[TASK ITEM] Set out exactly every line of the entries below, starting at the line that holds "17 Walter Ruddock Avenue, Kumeu" and stopping after the line that holds "89 Northpark Drive".
[[ RAW DATA open ]]
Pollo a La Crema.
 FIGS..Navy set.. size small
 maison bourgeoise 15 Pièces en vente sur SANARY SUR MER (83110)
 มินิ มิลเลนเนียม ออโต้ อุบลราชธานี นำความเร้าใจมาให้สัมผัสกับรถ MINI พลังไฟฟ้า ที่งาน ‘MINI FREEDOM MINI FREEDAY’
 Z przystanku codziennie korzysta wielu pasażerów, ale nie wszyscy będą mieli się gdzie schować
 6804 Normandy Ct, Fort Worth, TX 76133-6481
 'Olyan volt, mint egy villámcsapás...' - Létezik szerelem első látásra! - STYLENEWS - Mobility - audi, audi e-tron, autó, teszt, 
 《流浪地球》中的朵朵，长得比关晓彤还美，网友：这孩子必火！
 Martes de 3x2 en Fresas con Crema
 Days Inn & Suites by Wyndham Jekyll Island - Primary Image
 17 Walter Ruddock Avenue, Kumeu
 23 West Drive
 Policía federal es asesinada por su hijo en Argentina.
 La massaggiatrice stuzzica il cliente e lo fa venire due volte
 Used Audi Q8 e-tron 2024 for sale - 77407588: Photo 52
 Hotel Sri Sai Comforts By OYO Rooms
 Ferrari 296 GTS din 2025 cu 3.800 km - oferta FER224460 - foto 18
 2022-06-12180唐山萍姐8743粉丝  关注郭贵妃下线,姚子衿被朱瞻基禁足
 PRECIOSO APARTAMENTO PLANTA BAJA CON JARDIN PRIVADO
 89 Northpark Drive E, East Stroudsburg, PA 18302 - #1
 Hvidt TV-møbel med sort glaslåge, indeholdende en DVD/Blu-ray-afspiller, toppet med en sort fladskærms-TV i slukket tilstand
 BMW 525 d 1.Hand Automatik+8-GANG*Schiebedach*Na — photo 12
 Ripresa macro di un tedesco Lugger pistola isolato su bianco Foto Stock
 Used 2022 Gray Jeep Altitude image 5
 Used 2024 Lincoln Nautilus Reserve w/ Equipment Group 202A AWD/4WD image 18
[[ RAW DATA closed ]]
[EXERCISE ANSWER]
 17 Walter Ruddock Avenue, Kumeu
 23 West Drive
 Policía federal es asesinada por su hijo en Argentina.
 La massaggiatrice stuzzica il cliente e lo fa venire due volte
 Used Audi Q8 e-tron 2024 for sale - 77407588: Photo 52
 Hotel Sri Sai Comforts By OYO Rooms
 Ferrari 296 GTS din 2025 cu 3.800 km - oferta FER224460 - foto 18
 2022-06-12180唐山萍姐8743粉丝  关注郭贵妃下线,姚子衿被朱瞻基禁足
 PRECIOSO APARTAMENTO PLANTA BAJA CON JARDIN PRIVADO
 89 Northpark Drive E, East Stroudsburg, PA 18302 - #1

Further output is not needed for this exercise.